Figures released in December show that there were very large increases in wholesale electricity prices during 2021, with prices up 260.4% compared to the 2020 average. Other wholesale energy fuels also increased in price, and the index for all energy products was up by 160.6% on 2020. These trends are likely to have continued into 2022 and will continue to fuel inflation. Irish consumer price inflation in December reached 5.5% - the highest level for two decades.
Wednesday, 23 February – New EU data act to be published
The new Data Act is expected to be introduced by the European Commission on 23 February. The possibility of a Data Act was brought up in February 2020, when the Commission issued a communication on a European strategy for data to facilitate business-to-government data sharing while serving the public interest and business-to-business data sharing.
Since then, the Commission has conducted an evaluation of the intellectual property rights framework and an inception impact assessment published in May 2021. The impact assessment outlined that the Data Act will address a number of key issues, including the use of privately held data by the public sector, data access and use in business-to-business situations, the role of the Database Directive, the increase of the use of “Smart Contracts”, and establishing more competitive markets for cloud computing services.
Wednesday, 23 February – Oireachtas Finance Committee to consider Buy-now-pay-later and other provisions of Consumer Protection (Regulation of Retail Credit and Credit Servicing Firms) Bill 2021
EU Member States are increasingly concerned about the role of BNPL providers. This concern at national level is well reflected by the decision of certain Member States, such as Germany, to apply some of the EU consumer credit directive’s provisions to all consumer credits, regardless of the interest rate charged.
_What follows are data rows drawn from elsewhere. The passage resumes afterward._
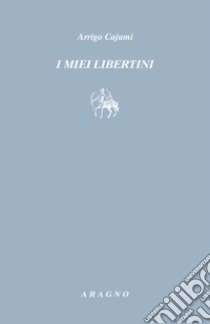 I miei libertini libro di Cajumi Arrigo; Quaranta B. (cur.)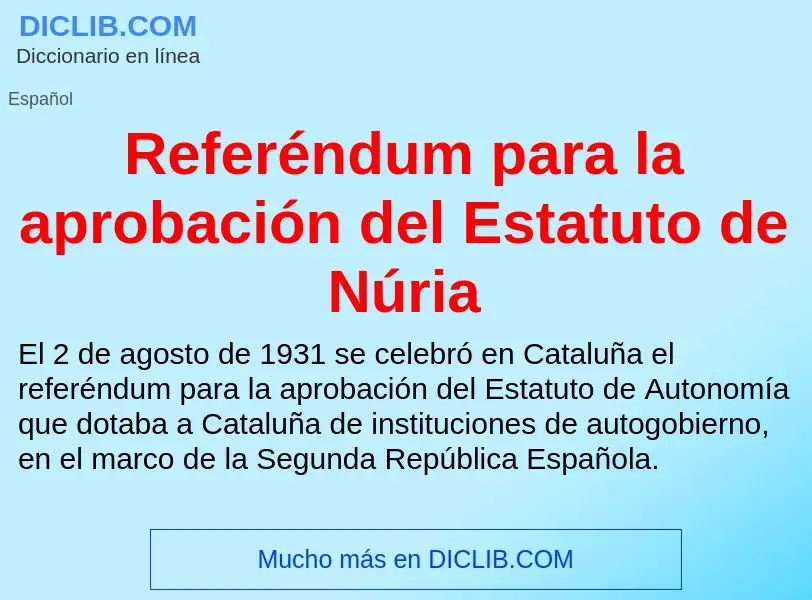 O que é Referéndum para la aprobación del Estatuto de Núria - definição, significado, conceito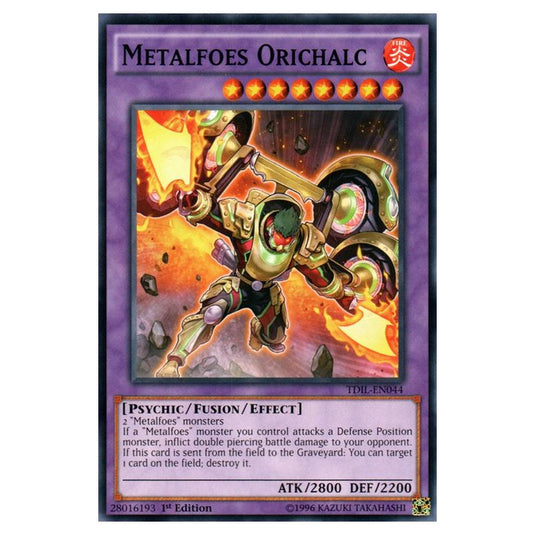 Yu-Gi-Oh! - The Dark Illusion - Metalfoes Orichalc (Common) TDIL-EN044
In Ireland, the Consumer Protection (Regulation of Retail Credit and Credit Servicing Firms) Bill 2021 will bring BNPL providers under the Consumer Protection Code. The Bill will bring “deferred payments” and “other similar financial accommodation” within the definition of “credit”. It will also amend the definition of “retail credit firms” to include businesses providing direct or indirect credit. On Wednesday, Sean Fleming, Minister of State at the Department of Finance, will discuss the bill with members of the Oireachtas Committee on Finance, Public Expenditure and Reform, and Taoiseach.
Wednesday, 23 February – Bank of England Governor Andrew Bailey appears before the Treasury Committee
Bank of England Governor Andrew Bailey will appear before the Treasury Committee on 23 February. It is likely that Bailey will be questioned on his recent comments on pay rises, in which he stated that workers should not pressure their employers to raise wages since the economy needs time to recover from the record-high inflation. MPs are also likely to question why Bailey is focused on wage demands and not companies’ attempts to protect their profit margin by increasing prices.
MPs can also be expected to put pressure on Bailey to expose any ideological leanings which would see him discourage workers demanding higher salaries while he himself draws a salary of £500,000 a year.
Friday, 25 February – Eurostat data on energy prices in the EU
Eurostat is expected to publish the EU’s energy prices on 25 February. The price of natural gas has gone up by 450% in the last year, which has contributed significantly to high inflation throughout the EU. In recognition of the negative impact this is having on consumers, the European Commission will issue a communication on rising energy costs on 3 March ahead of launching a new strategy on international energy engagement on 3 May.